In Google Kubernetes Engine (GKE), instead of provisioning multiple virtual machines and assigning them to a node pool, you can just create an instance group (known as an autoscaling group in AWS) and set that as your node pool. Instance groups will automatically provision and deprovision virtual machines based on resource usage. This allows for a lot of flexibility with Kubernetes since pods are highly scalable as well. Deciding on the size of the nodes within the node pool takes a little more effort.
Scaling Pods
Vocabulary: pods
- Pod - A collection of one or more containers running together. Think of this as one level above a container, a collection of containers that has all the information needed to run on any platform.
- Horizontal Pod Autoscaler (HPA) - An API in Kubernetes that defines how and when a pod creates more replicas.
- Resources - Virtual computing resources such as CPU or memory.
- Pod Resource Utilization - The percentage of resources being used out of what is available on the pod.
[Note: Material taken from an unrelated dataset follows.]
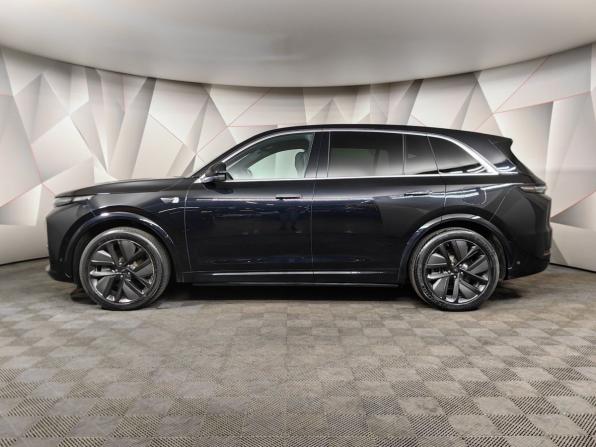 Li Auto (Lixiang) L7 I Рестайлинг с пробегом 2024 года, цена 5 700 000 рублей, 66600 км, внедорожник, Автокод Объявления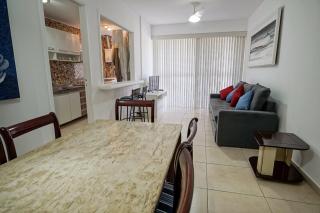 Apartamento com vista incrível na rua da Praia da Barra! - Rio de Janeiro - 2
Pods are at the heart of Kubernetes. The same way that a node is the smallest compute instance, a pod is the smallest process instance. Pods are made up of one or more containers and instructions on how to run those containers. All of that together creates a pod which is a fully functioning micro service. Kubernetes uses pods because they are very mobile and can be deployed on top of any node as long as there are resources available.
Before digging into scaling pods, it is helpful to understand how nodes and pods interact. Pods run your app’s containers on top of your nodes. Both nodes and pods have memory limits. The interplay in memory limits will tell Kubernetes how many pods can be run on a single node. For example, if your nodes are machines with 10GB memory, and your pods have memory limits of 5GB, Kubernetes will run two pods on each node. If your pods have 2.5GB limits, a single node will run four pods, etc.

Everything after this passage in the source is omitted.